Trevor Young: Yeah, again, that’s probably the philosophical. I’m an owned media guy first. That’s the way I think. These are assets that you’re building again and again and again, so the work you’re putting into content now can pay tremendous dividends, if it’s evergreen, two, three, four years down the track. I like that you can control your website, you’ve got your email list, you’ve got your podcast, whatever those assets are that you own and control. Then you have the major, obviously social media, the major social networks. You don’t own those, of course.
And they can change the rules, which they do. But you own the content that you put on it, so that’s kind of in between of owned and earned, and of course earned media is for me, anything, mentions that you’ve been earned. Hopefully I’ve earned the right to be on your podcast. If you’re on the radio, you’ve earned the right for that to happen. if someone mentions you in a top 10 list, or mentions an article or a blog post that you did, and they’re a newspaper reporter, then you’ve earned the right for that to happen.

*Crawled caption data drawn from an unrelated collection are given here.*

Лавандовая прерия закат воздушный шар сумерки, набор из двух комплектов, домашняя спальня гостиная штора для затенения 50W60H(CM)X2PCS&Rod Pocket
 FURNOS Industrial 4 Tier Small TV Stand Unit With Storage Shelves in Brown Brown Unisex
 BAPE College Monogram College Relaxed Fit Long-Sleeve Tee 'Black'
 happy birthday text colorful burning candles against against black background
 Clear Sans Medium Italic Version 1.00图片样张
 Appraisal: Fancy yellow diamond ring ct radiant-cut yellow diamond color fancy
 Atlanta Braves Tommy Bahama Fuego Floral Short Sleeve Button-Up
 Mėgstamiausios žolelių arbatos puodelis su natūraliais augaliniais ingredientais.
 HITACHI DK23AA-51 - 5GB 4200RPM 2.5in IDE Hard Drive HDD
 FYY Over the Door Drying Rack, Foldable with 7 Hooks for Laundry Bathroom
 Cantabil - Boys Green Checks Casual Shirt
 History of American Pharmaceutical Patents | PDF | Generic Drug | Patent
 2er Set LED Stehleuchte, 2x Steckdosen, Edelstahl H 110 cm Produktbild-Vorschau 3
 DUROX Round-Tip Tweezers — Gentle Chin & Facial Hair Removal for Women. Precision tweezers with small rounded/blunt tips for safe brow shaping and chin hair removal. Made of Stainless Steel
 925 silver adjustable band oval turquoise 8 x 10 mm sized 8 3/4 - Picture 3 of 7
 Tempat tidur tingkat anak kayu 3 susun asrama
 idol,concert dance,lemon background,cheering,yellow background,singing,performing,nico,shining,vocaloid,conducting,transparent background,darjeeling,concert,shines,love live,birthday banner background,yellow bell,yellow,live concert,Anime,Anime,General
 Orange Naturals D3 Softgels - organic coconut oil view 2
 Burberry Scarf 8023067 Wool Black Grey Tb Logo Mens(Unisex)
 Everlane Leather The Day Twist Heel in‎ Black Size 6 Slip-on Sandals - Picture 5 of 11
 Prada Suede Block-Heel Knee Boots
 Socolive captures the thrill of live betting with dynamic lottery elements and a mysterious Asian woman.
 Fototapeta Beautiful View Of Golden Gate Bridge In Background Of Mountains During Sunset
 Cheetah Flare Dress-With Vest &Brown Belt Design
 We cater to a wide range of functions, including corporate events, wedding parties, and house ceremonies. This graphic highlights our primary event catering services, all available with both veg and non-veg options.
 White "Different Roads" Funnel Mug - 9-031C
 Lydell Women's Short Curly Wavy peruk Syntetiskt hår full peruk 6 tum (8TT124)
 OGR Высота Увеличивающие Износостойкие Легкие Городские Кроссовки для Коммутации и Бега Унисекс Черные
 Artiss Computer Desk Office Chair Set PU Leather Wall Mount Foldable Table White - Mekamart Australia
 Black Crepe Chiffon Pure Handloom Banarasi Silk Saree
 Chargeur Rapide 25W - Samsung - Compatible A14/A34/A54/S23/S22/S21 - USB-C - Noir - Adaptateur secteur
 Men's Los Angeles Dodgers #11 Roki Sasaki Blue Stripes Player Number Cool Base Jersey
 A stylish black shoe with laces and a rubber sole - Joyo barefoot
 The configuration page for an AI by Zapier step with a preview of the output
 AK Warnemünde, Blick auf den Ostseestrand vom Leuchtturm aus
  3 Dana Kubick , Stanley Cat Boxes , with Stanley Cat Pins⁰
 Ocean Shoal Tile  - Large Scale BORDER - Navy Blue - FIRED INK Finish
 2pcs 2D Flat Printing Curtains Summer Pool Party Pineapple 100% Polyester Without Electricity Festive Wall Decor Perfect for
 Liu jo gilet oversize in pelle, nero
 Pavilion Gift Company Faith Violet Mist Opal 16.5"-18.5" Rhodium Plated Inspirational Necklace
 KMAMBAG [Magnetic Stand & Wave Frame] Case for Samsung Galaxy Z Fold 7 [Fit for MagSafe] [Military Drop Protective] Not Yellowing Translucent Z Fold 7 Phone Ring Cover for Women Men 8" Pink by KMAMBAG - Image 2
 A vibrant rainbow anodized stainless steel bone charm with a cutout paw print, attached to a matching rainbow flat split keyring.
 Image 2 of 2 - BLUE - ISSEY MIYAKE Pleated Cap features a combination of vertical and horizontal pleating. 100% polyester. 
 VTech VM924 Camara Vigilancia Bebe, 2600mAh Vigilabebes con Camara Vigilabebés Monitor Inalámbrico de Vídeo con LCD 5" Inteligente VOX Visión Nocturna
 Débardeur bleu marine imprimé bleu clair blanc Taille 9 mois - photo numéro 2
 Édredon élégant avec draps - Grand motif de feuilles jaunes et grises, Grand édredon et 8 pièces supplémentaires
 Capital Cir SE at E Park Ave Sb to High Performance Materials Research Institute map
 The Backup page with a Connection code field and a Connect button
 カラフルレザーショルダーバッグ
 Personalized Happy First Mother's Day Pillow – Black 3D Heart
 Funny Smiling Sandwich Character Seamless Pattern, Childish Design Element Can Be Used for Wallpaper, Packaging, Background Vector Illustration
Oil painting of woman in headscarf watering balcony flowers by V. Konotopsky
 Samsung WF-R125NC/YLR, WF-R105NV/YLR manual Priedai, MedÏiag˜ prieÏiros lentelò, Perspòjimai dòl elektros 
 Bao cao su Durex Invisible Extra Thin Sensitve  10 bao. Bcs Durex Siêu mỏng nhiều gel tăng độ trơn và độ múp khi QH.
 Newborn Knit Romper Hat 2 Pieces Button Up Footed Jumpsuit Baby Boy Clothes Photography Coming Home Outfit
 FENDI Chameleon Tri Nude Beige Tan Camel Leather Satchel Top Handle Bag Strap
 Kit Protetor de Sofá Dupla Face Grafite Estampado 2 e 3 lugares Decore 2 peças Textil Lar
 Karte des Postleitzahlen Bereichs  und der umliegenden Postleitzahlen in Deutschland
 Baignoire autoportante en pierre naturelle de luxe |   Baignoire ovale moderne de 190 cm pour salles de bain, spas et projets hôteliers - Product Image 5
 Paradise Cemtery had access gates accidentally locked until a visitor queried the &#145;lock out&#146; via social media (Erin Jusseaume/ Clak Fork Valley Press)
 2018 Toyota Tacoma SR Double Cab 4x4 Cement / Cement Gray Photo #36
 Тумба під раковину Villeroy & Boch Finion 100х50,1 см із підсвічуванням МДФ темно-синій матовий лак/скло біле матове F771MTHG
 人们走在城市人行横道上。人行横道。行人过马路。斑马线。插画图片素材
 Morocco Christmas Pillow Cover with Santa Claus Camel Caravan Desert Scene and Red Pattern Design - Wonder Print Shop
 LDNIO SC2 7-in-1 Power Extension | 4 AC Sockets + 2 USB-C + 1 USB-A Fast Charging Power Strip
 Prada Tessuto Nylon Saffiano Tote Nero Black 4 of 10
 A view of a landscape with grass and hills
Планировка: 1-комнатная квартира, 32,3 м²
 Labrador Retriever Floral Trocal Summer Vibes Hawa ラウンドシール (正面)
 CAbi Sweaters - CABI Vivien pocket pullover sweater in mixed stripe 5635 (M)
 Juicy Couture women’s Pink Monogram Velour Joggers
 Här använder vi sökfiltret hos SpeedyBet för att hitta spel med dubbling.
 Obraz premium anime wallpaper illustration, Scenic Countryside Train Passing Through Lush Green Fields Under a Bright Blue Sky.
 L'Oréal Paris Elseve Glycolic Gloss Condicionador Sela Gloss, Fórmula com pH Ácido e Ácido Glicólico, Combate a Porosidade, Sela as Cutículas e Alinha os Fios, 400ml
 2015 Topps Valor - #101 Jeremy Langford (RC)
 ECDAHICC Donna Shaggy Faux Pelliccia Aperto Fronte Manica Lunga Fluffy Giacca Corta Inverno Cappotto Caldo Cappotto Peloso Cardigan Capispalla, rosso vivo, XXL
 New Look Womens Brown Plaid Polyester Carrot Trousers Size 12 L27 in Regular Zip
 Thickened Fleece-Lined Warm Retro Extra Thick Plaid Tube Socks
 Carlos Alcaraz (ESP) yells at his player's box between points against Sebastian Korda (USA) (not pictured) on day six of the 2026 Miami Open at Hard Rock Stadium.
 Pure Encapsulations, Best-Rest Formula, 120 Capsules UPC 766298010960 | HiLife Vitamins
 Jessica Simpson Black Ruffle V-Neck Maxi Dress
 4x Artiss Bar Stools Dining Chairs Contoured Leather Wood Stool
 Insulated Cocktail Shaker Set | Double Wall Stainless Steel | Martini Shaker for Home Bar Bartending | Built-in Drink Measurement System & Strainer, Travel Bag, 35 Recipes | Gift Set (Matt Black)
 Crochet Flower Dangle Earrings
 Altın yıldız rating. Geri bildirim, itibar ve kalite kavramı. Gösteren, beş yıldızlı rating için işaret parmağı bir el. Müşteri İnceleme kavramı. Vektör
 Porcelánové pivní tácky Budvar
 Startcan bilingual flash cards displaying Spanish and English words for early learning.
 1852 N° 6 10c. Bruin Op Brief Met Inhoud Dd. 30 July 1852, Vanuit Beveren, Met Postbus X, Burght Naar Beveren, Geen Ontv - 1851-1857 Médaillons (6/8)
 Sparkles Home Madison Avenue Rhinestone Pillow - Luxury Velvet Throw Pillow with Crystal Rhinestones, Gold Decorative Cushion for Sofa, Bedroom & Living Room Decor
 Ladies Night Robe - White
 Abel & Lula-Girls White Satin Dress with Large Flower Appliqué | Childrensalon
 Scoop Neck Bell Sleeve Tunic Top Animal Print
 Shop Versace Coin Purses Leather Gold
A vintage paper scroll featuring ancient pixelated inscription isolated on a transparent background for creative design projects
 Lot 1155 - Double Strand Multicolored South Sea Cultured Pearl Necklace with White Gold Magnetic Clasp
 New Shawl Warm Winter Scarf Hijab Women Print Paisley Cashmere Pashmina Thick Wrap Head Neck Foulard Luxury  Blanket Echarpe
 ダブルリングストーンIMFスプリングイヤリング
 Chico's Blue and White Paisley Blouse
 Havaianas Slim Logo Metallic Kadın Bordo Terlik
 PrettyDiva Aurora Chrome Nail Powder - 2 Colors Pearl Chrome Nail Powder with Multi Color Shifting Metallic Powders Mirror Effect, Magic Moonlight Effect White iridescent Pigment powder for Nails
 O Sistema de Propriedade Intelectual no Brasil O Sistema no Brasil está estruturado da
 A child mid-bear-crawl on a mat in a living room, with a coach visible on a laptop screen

But if we look at it around social media as well, if people are sharing your content, you’ve earned the right for them to share that content. Social fits in between owned and earned, and they all work together. If you’re talking one without the other, forget it. It’s just crazy. Someone will call me in to do a social media strategy, but we end up doing a content strategy and we look at where it locks in or aligns with what they’re trying to do on an earned media front, as well.
And paid is part of that. It just means that not everyone … I like, again, if I looked at the organics, that works together, but paid actually helps amplify the organic reach you’ve got anyway. When I talk to paid, I’m not talking ad campaigns or anything. That’s not my remit. I talk about using paid, maybe paid social, to amplify your content assets.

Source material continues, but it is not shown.